Recently I have been in predominantly female spaces, and ooh, my God, had I forgotten how women can be; let's not even get to my high school experience. What struck me wasn't the obvious hostility. It was how subtle it felt. How difficult it was to point to and how gaslit I felt as a girl who'd just been in predominantly male spaces! How easy it was to convince myself I was imagining it.

The Myth of Effortless Sisterhood

I love women. I love female friendships. I love the kind of sisterhood that feels like home.

Like my girls being there for me when I lost my loved ones, or us going on trips, dates, and concerts; us having picnics; making art; and us generally being safe spaces for us to truly be ourselves. But I think we have accidentally romanticized sisterhood into something unrealistic. Women are human. Which means women are capable of insecurity. Women are capable of envy. Women are capable of comparison. Women are capable of wanting what someone else has. And acknowledging that doesn't make us anti-women. It makes us honest.

the myth of sisterhood

The Comparison Trap

There is perhaps no greater breeding ground for jealousy than comparison. Someone is prettier. Someone is getting married. Someone got the promotion. Someone started the business. Someone seems happier. Someone appears to be moving through life with ease. Enter older women in the corporate. Ooh, my days! Do I have stories for days about this specific topic. Recently, I and a client in her mid-twenties were talking about this and the issue of male attention and older women fighting younger girls in corporate spaces. The dangerous thing about comparison is that it convinces us someone else's success is evidence of our failure. It isn't.

The Jealousy We Don't Admit

I think most people imagine jealousy as hatred. Most of the time it isn't. Sometimes jealousy looks like admiration mixed with sadness. Sometimes it looks like wanting something you don't have. Sometimes it looks like grief. Sometimes it looks like wondering why life seems easier for someone else. And that's where the conversation becomes important. Because the feeling itself isn't the problem. What we do with it is.

What I Am Learning

Do I get jealous? Absolutely yes! Do I act on them? No, I have learned to examine myself and work on myself and question myself. And this may sound corny af, but like I have said before on here, my only competition is me, and for that to work, I have to do all the above.

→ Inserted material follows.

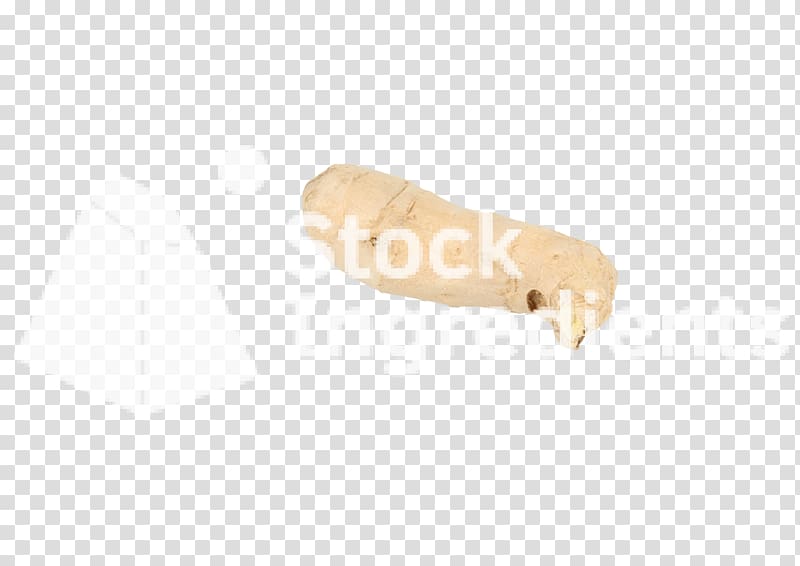Invertebrate Finger, Ginger Root transparent background PNG clipart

And for that reason, I no longer think the goal is to become incapable of jealousy. I think the goal is to become honest enough to recognize it before it turns into resentment. Because jealousy hidden long enough eventually becomes bitterness. And bitterness has destroyed far more friendships than honesty ever has. Maybe the conversation we need isn't about pretending women don't experience jealousy. Maybe it's about creating enough room to admit that sometimes we do and we don't have to let it control our lives.